家具選び ダイニングチェアは「肘掛け付き(アームチェア)」を選ぶ理由とは?
2021.12.3
目次
アームチェアは多くの支持を集めている
ダイニングチェアは、ダイニングテーブルに合わせる椅子のことで、食卓椅子、食堂椅子といった呼称もあります。
ポピュラーなのが脚・座面・背もたれで構成される「アームレスチェア(肘掛け無し)」であり、なかには背もたれの付いていないベンチやスツールを利用する人もいるでしょう。
そのなかで、今多くの人に選ばれているのは肘掛付きの「アームチェア」です。
このアームチェアがダイニングスペースで多用されるようになった理由には現代の住宅の間取り、そして「今」の生活様式が大きく影響していると言われています。
リビングダイニングスタイルへの間取りの変遷
1950年代から始まる団地やマンションといった集合住宅の隆盛のなかで、その間取りはそれぞれの空間を明確に仕切るものが殆どでした。

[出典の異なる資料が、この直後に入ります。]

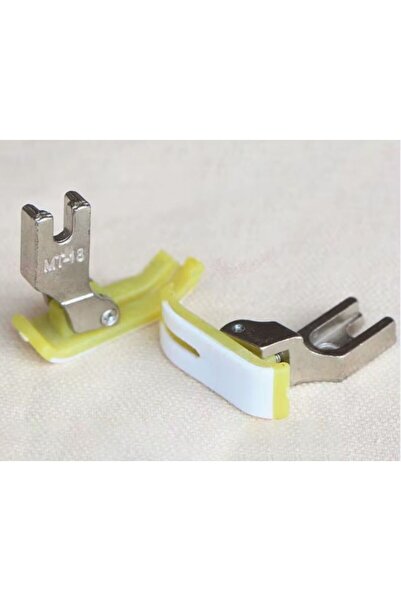 TEXART Art of Sewing SANAYİ DÜZ MAKİNA SERT TABANLI TEFLON AYAK (MT-18 )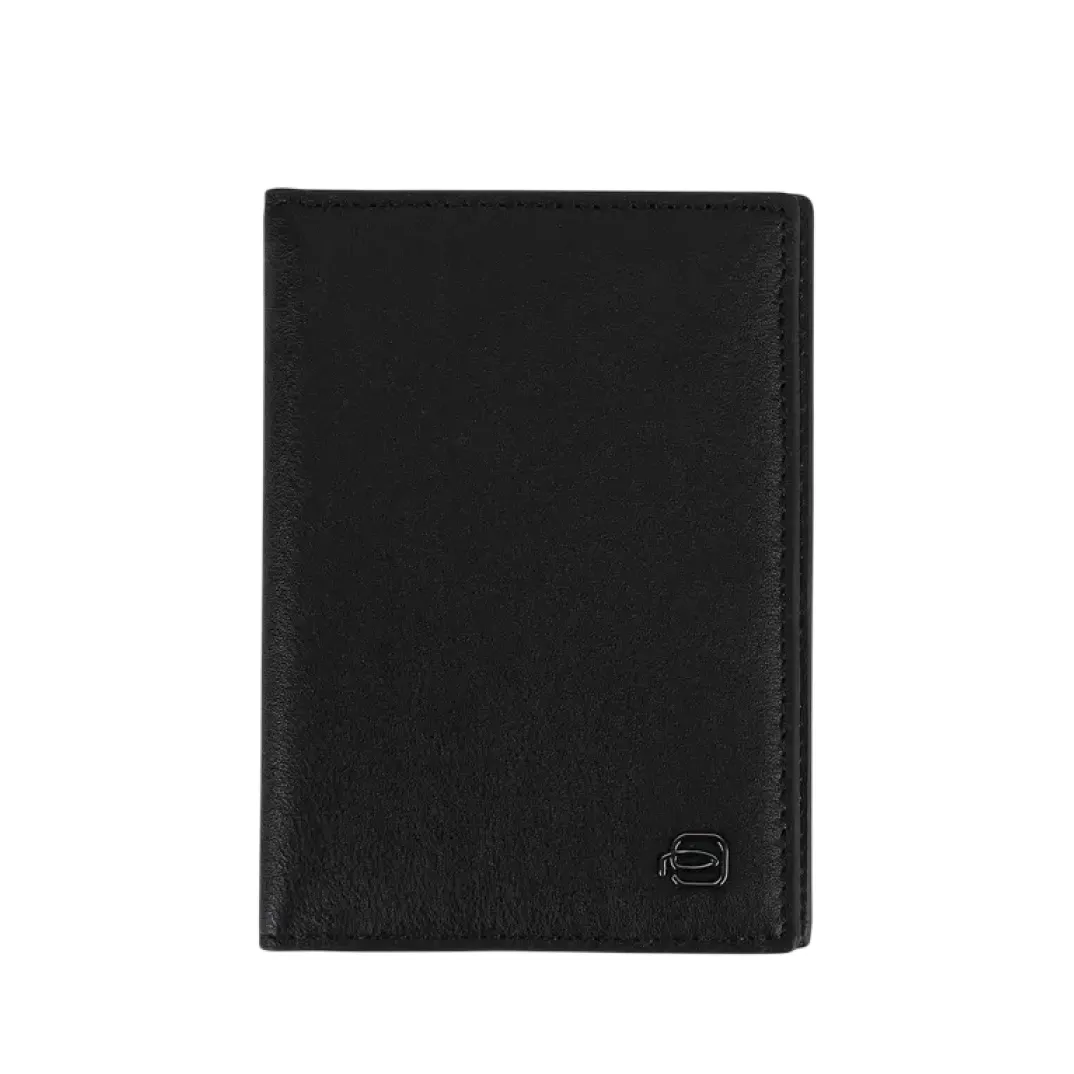 Обложка для автодокументов Piquadro Black square PP5256B3/N, черныйphoto0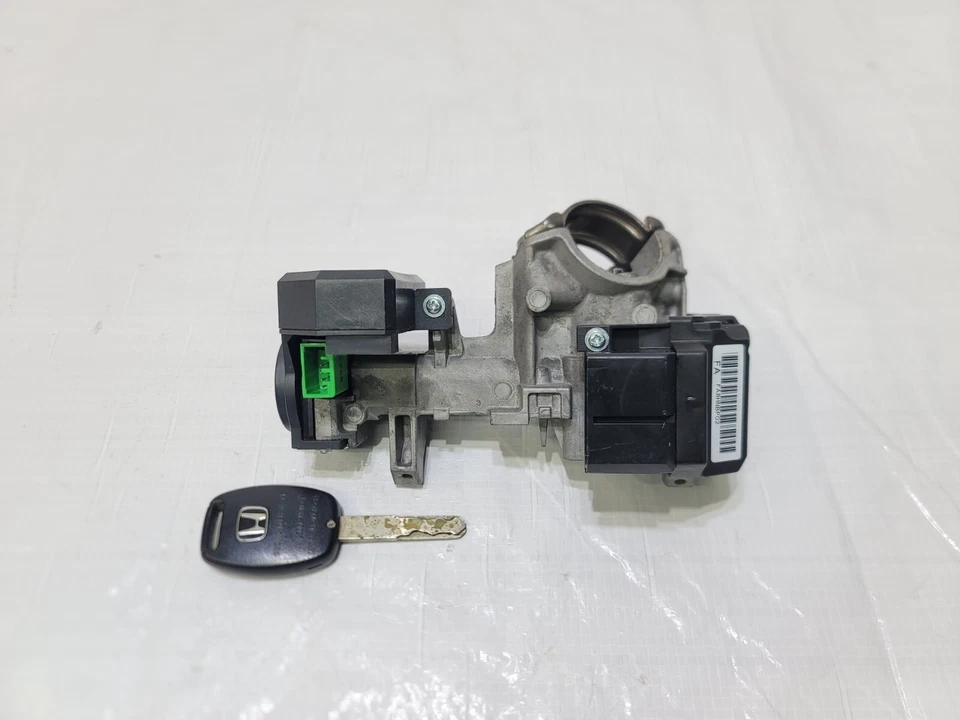 2008-2012 Honda Accord interruptor de ignição cilindro de trava com chave OEM 06351-TE0-A11 - Imagem 3 de 4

例えばキッチンは食堂スペース=ダイニングと併設されているか、あるいは別々のスペースとして。
一方で、家族やゲストが過ごす居間空間=リビングもその他の空間と明確に仕切られ、それぞれの空間の持つ役割は明白なものでした。
食事はダイニングで、食後はリビングへ、というスタイルが一般的であり、それは今も根強く続くスタイルです。
一方で核家族化・共働きの増加により「家族で過ごす時間」はより重要視され、さらにスペースに限りがある日本の住宅事情も相まって間取りのスタンダードは変わっていきます。
ダイニングとリビングは一体化してリビングダイニング(LD)となり、そこにキッチンも間続きとなる「LDK」のスタイルが主流となってきました。
カウンター越しに家族の様子や炊事の様子を見ることのできるオープンキッチンのスタイルは、コミュニケーションを高め、炊事や家事を家族皆で行うことができるものとなっています。
また、ダイニングスペースとリビングスペースが同じ空間になっていることで、互いに時間が合わないことがあったとしてもそれぞれの顔を見ながら食事や作業を行うことができるようになっているのです。
在宅時間の増加がアームチェアの需要を高めた
コロナ禍による「在宅時間の増加」は、リビングダイニングでの過ごし方に新たな側面を与えることになりました。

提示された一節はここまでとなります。